> [THE RECORDS]:

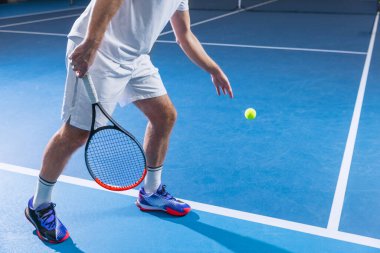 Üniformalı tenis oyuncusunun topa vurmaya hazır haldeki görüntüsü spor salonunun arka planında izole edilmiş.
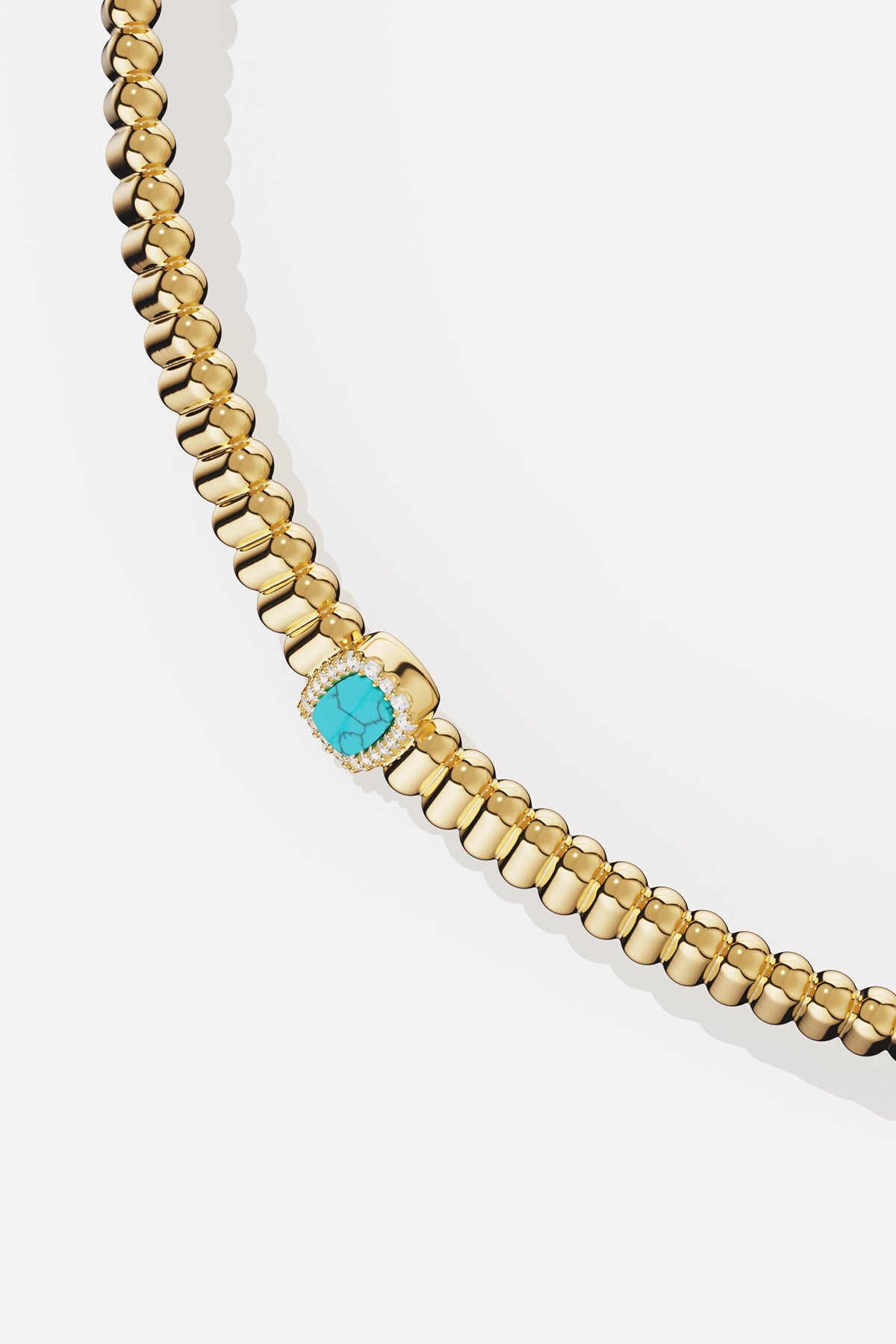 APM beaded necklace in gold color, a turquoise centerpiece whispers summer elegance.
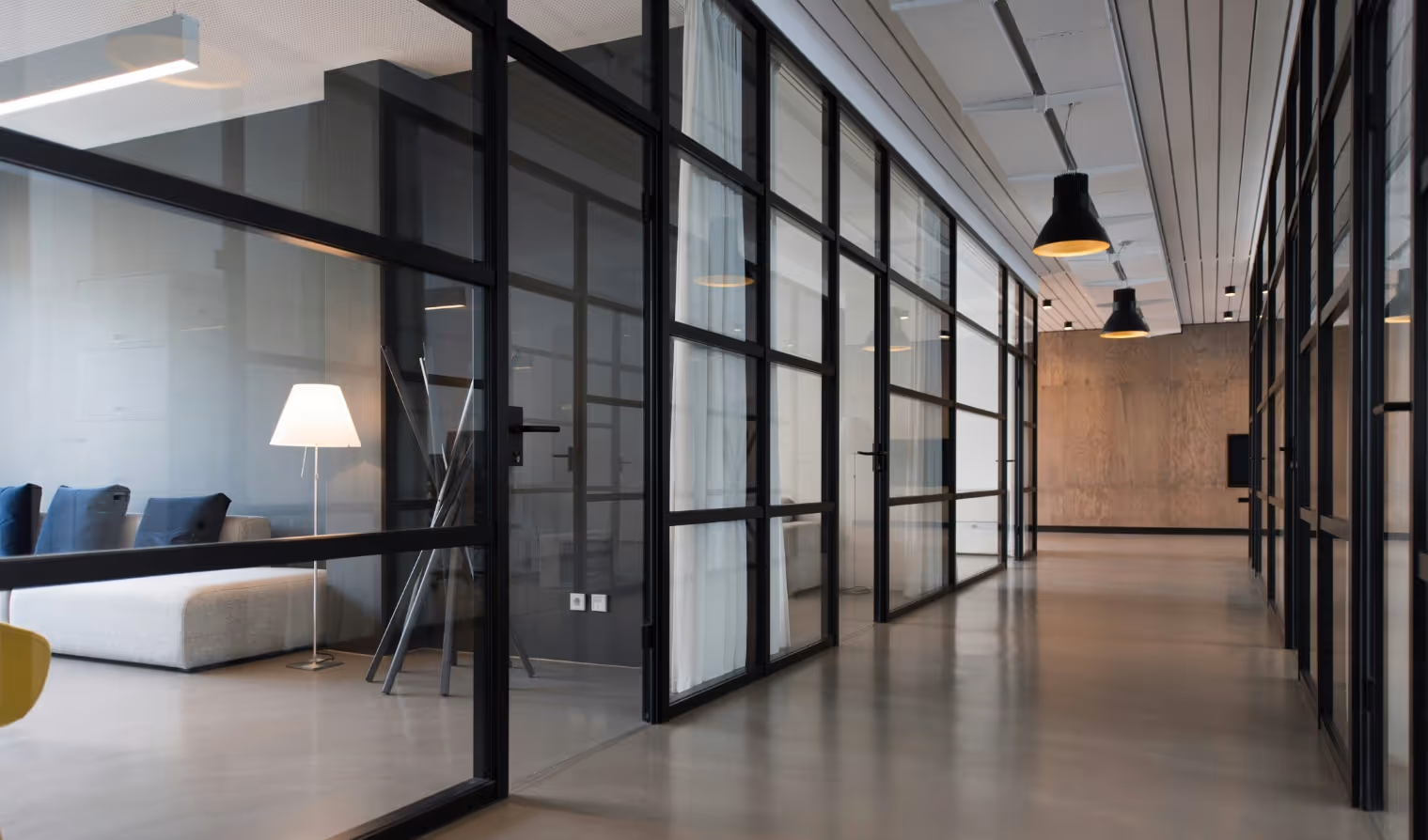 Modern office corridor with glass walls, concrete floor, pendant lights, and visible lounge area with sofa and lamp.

---

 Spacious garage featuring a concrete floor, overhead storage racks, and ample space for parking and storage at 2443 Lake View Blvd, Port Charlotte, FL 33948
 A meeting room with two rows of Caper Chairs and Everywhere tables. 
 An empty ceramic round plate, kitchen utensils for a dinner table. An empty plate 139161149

> [TASK STATEMENT]:
Give again the stretch of lines above from the one with "Üniformalı tenis oyuncusunun" through the one with "Modern office corridor", both ends kept, and copy no pictures.

> [YOUR RESPONSE]:
 Üniformalı tenis oyuncusunun topa vurmaya hazır haldeki görüntüsü spor salonunun arka planında izole edilmiş.
 APM beaded necklace in gold color, a turquoise centerpiece whispers summer elegance.
 Modern office corridor with glass walls, concrete floor, pendant lights, and visible lounge area with sofa and lamp.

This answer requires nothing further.